Source records

================

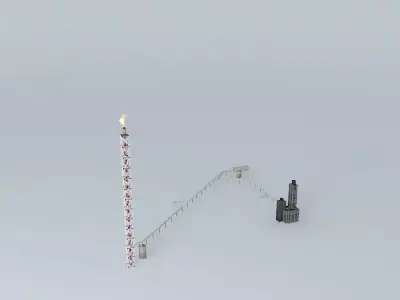 Flare Towers Brisbane Refinery Free 3D model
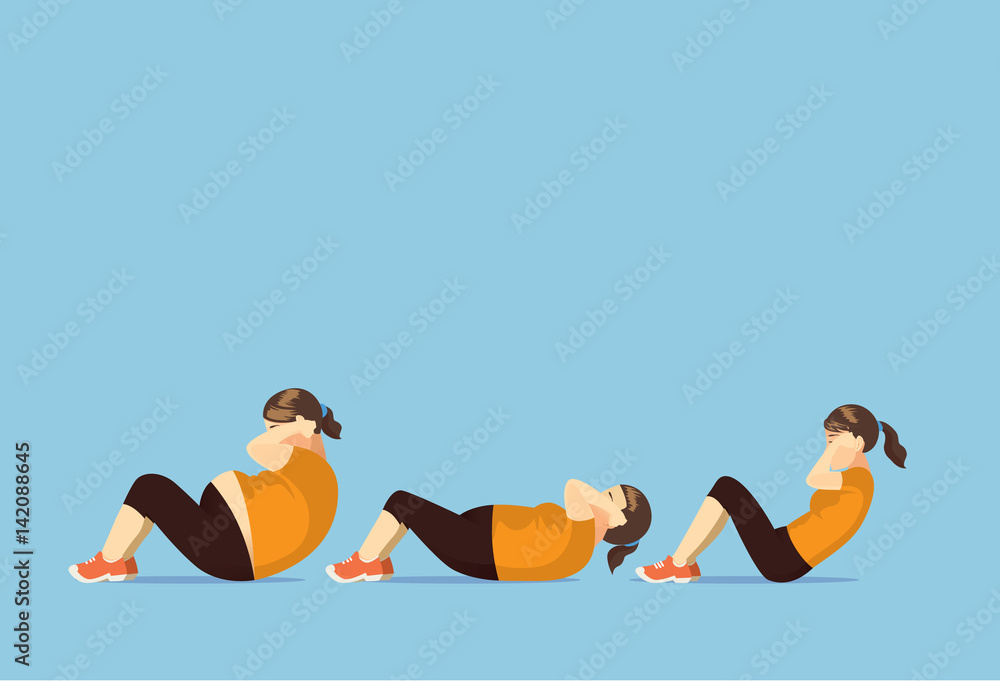 Fat woman change body to slim with doing sit up. Illustration about lose weight. Fat woman change body to slim with doing sit up. Illustration about lose weight.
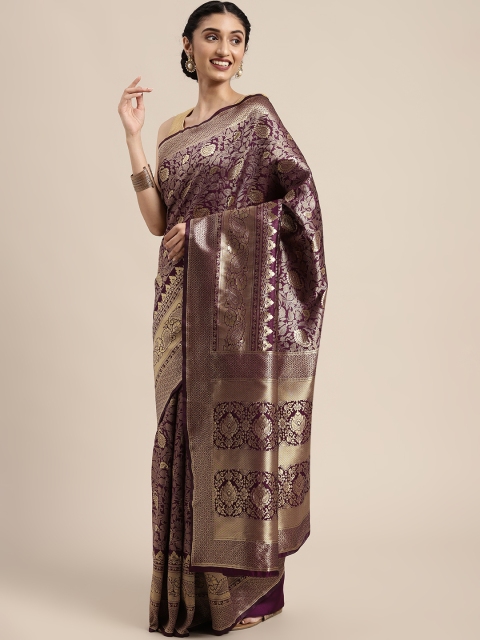 

Mitera Purple & Gold-Toned Woven Design Silk Blend Saree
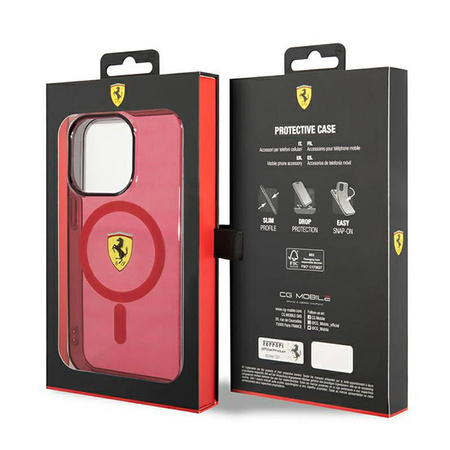 Ferrari Translucent MagSafe - Etui iPhone 14 Pro Max (Czerwony) (FEHMP14XURKR)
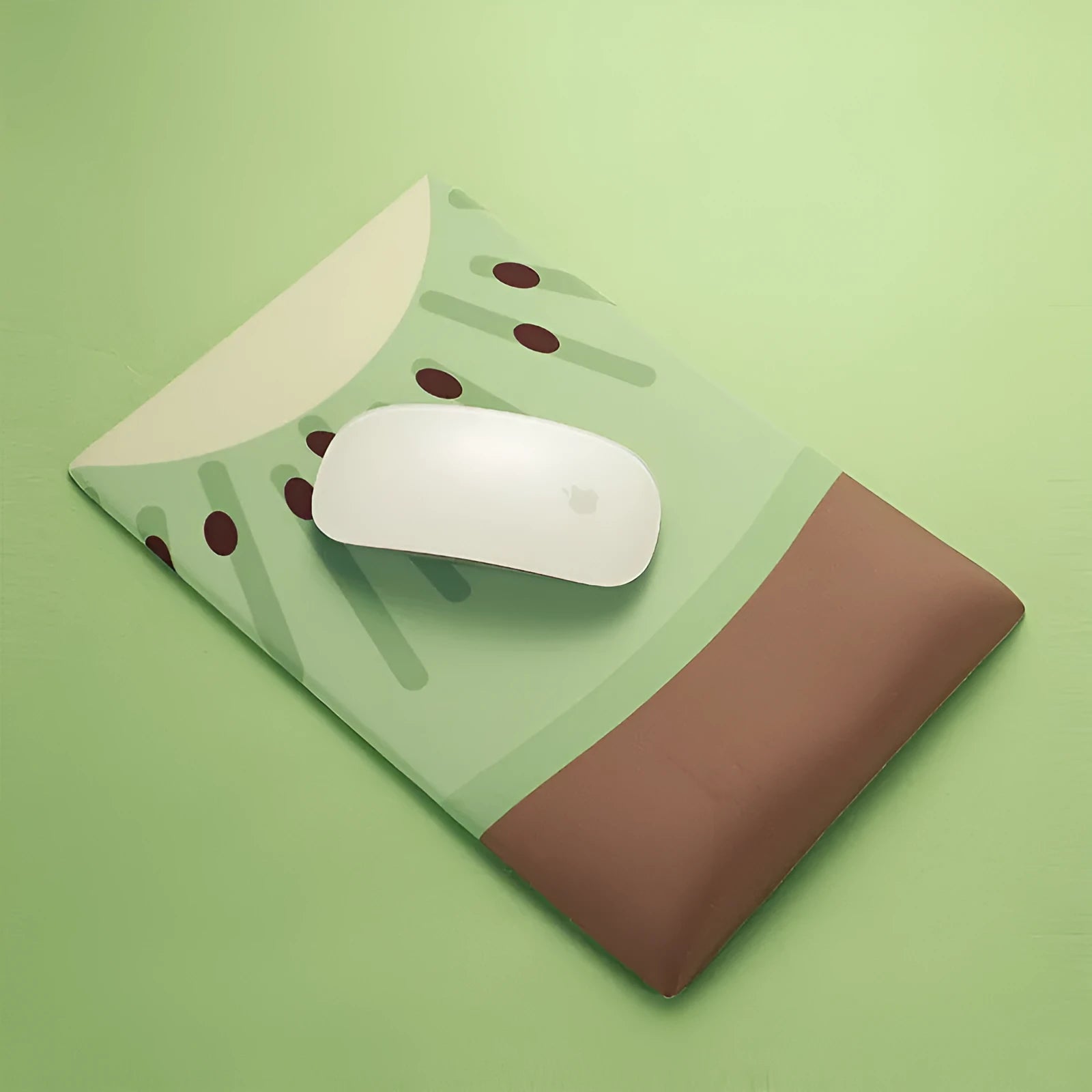 Green kiwi fruit design silicone and cloth wrist pad for keyboard and mouse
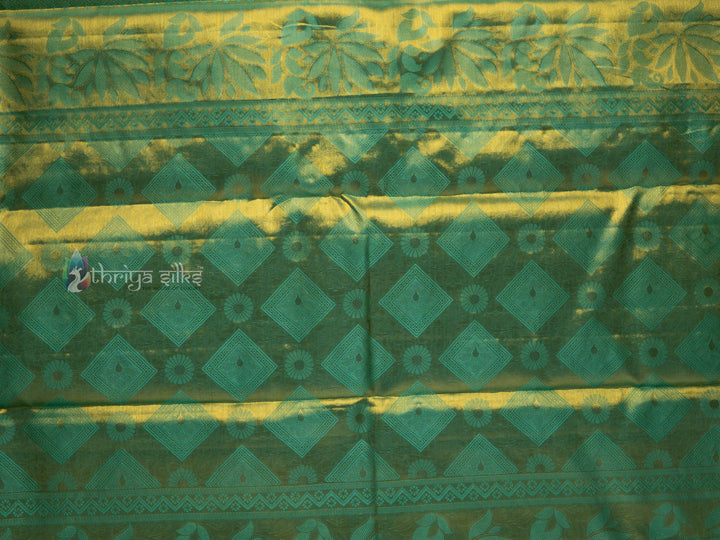 Gold And Green Kanchipuram Silk Saree - TSW0915 - View 2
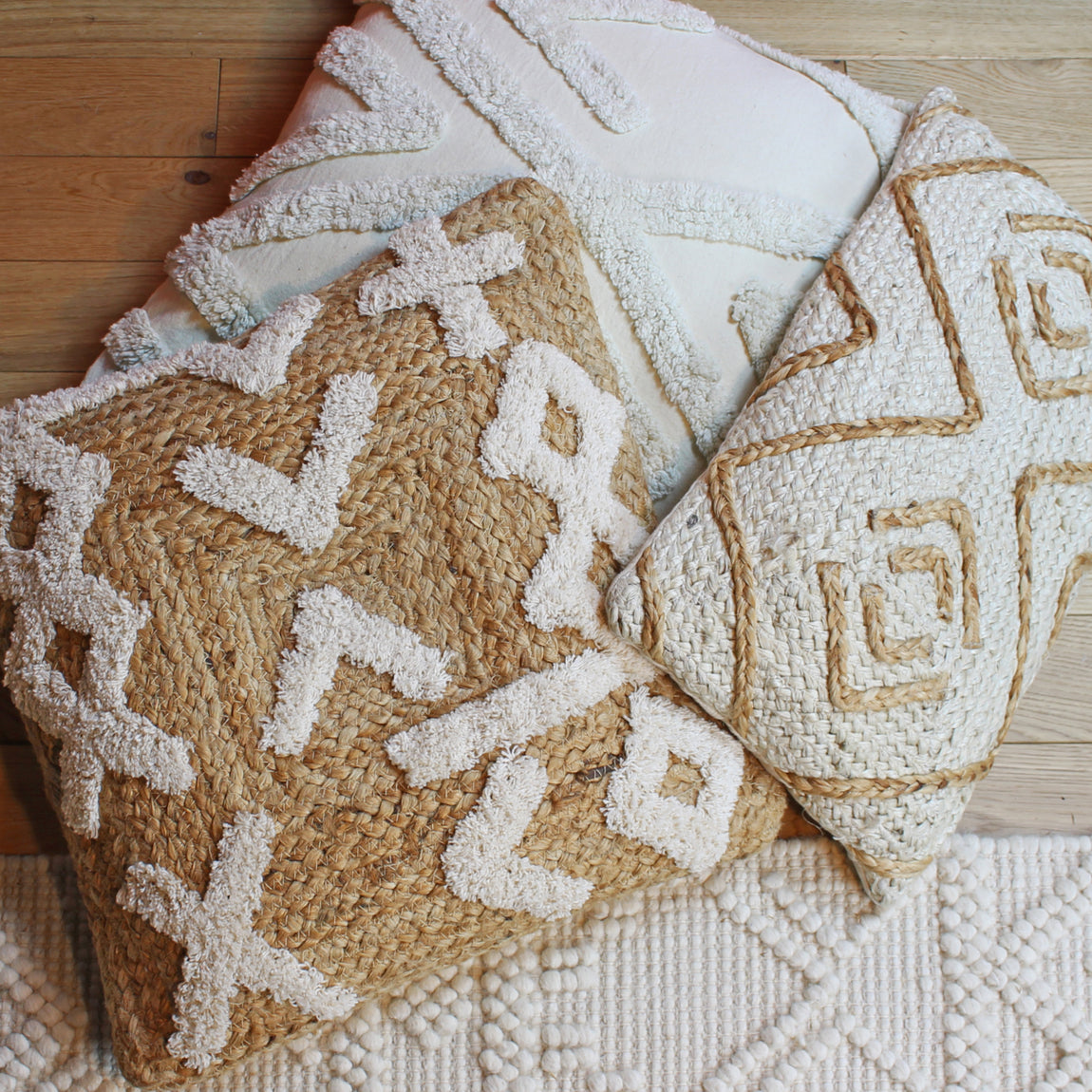 furn. Mynu Braided Jute 30cm x 50cm Filled Boudoir Natural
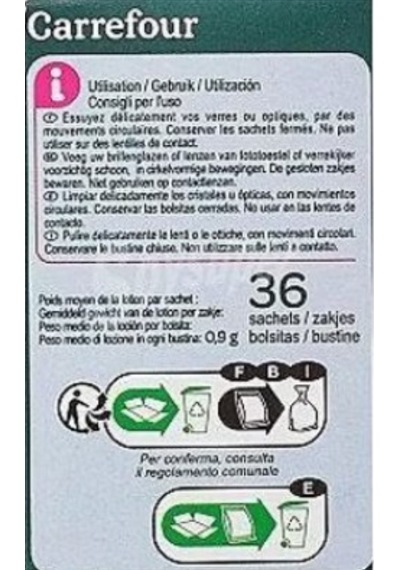 6 Kutu 36'lı Gözlük, Kamera, Tv, Cep Telefonu Kask Camı Temizleme Islak Mendili 6x36 216
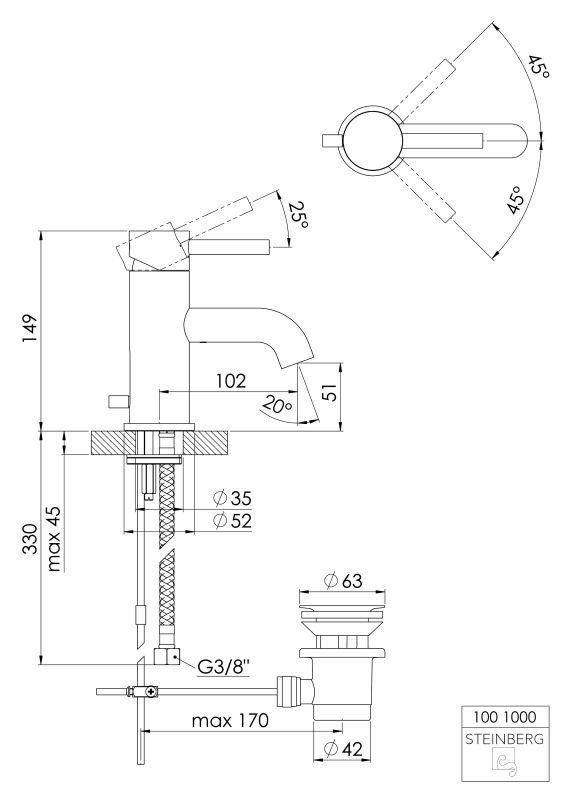 Смеситель для умывальника Steinberg Serie 100 1001000 инструкция - изображение 6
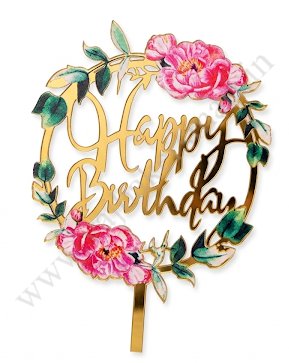 DHB3 Designer Acrylic Happy Birthday Topper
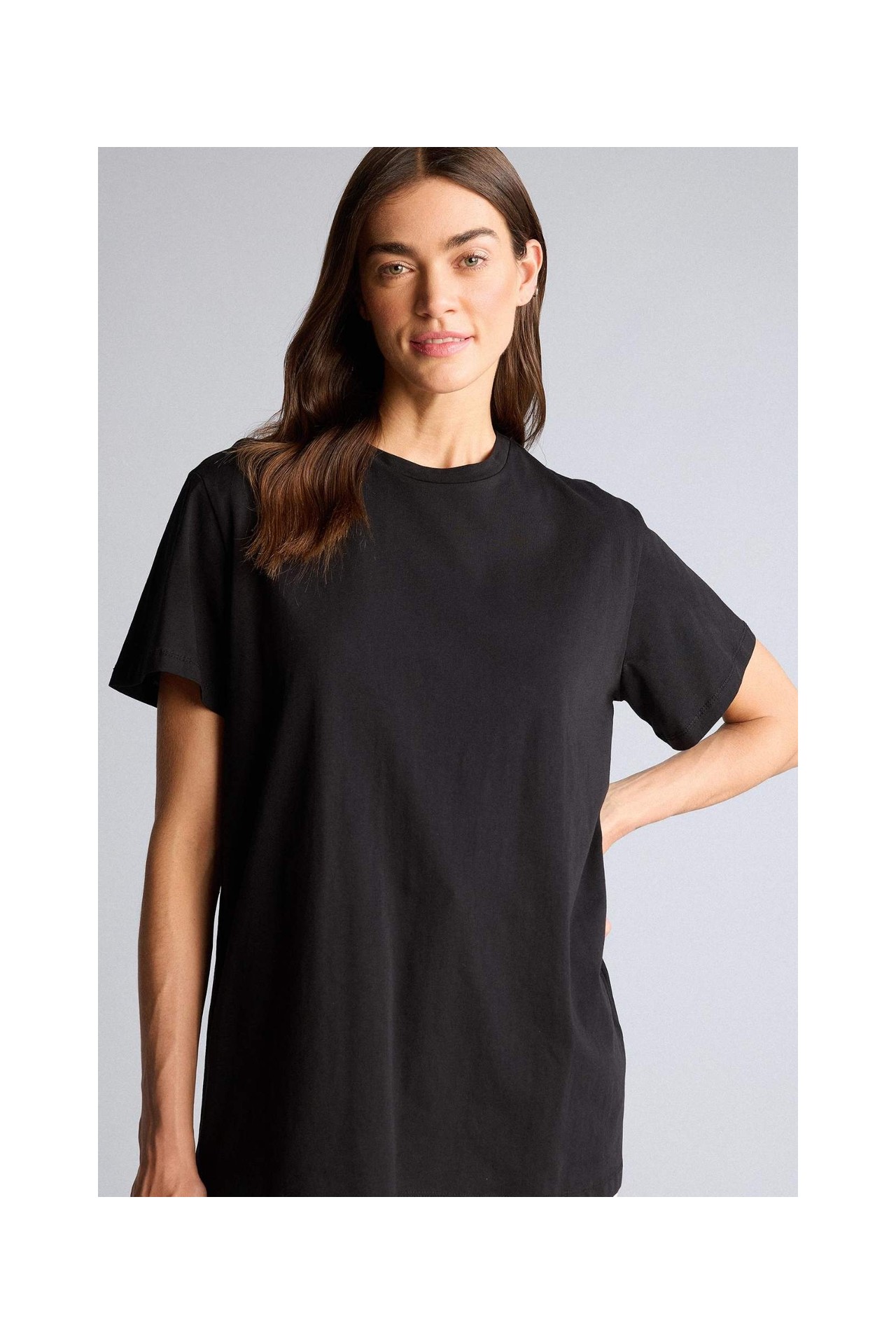 DeFacto %100 Pamuk Regular Fit Bisiklet Yaka Kısa Kollu Tunik F9798AX26SP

================

■ ASSIGNMENT: Copy each entry exactly as written, and drop the pictures from the copy.

■ WRITTEN ANSWER:
 Flare Towers Brisbane Refinery Free 3D model
 Fat woman change body to slim with doing sit up. Illustration about lose weight. Fat woman change body to slim with doing sit up. Illustration about lose weight.

Mitera Purple & Gold-Toned Woven Design Silk Blend Saree
 Ferrari Translucent MagSafe - Etui iPhone 14 Pro Max (Czerwony) (FEHMP14XURKR)
 Green kiwi fruit design silicone and cloth wrist pad for keyboard and mouse
 Gold And Green Kanchipuram Silk Saree - TSW0915 - View 2
 furn. Mynu Braided Jute 30cm x 50cm Filled Boudoir Natural
 6 Kutu 36'lı Gözlük, Kamera, Tv, Cep Telefonu Kask Camı Temizleme Islak Mendili 6x36 216
 Смеситель для умывальника Steinberg Serie 100 1001000 инструкция - изображение 6
 DHB3 Designer Acrylic Happy Birthday Topper
 DeFacto %100 Pamuk Regular Fit Bisiklet Yaka Kısa Kollu Tunik F9798AX26SP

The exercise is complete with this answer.